◆ **PROMPT**:
Data follows below. Repeat exactly the lines between the line holding "Module PrestaShop bouton" and the line holding "HESUSLA Pet Steam", inclusive, and nothing more; drop pictures.

◆ **Image-text web data**:
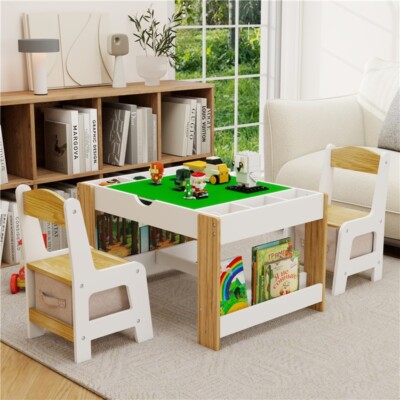 Kids in Play Table Chairs Set w/ Storage LEGO Compatible Building  Block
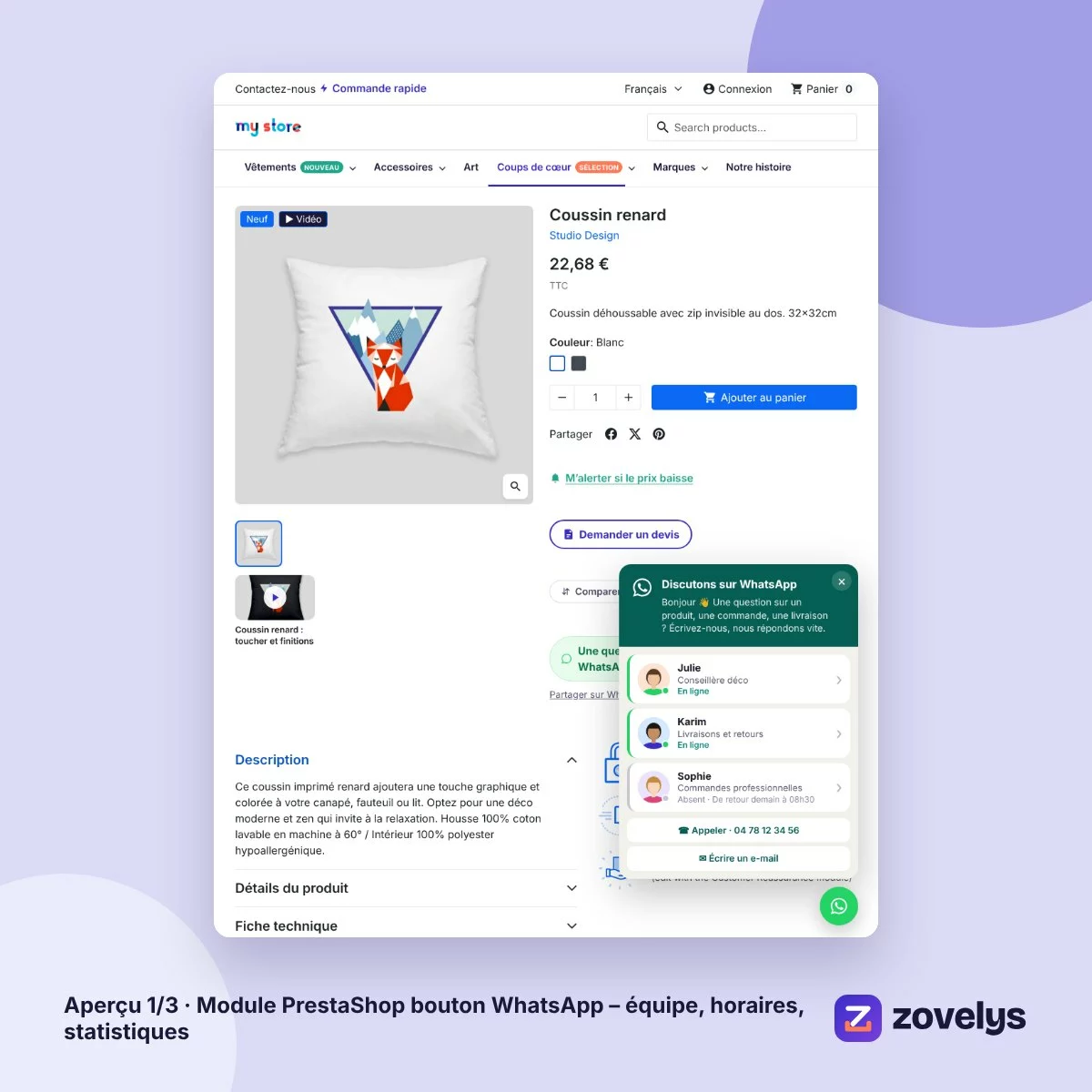 Module PrestaShop bouton WhatsApp – équipe, horaires, statistiques – aperçu 1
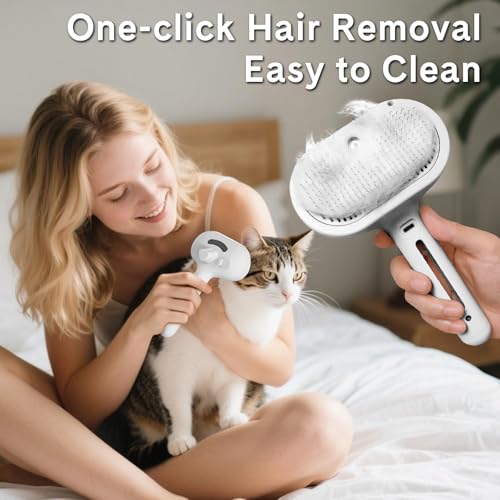 HESUSLA Pet Steam Brush for Dogs & Cats - 3-in-1 Deshedding & Detangling Tool with Steam Spray, Anti-Static Grooming Brush...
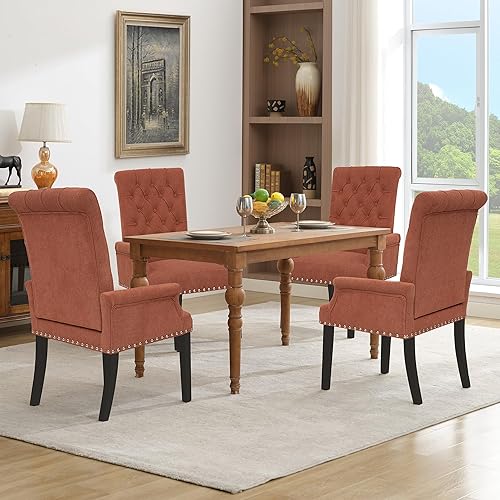 Miniatura 111 de LOULENS Lujosas sillas de comedor de terciopelo, modernas sillas de comedor tapizadas copetudas, reposabrazos con patas de acero inoxidable para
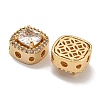 Brass Micro Pave Cubic Zirconia Beads KK-U037-01G-01-3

◆ **SOLUTION TO THIS PROBLEM**:
 Module PrestaShop bouton WhatsApp – équipe, horaires, statistiques – aperçu 1
 HESUSLA Pet Steam Brush for Dogs & Cats - 3-in-1 Deshedding & Detangling Tool with Steam Spray, Anti-Static Grooming Brush...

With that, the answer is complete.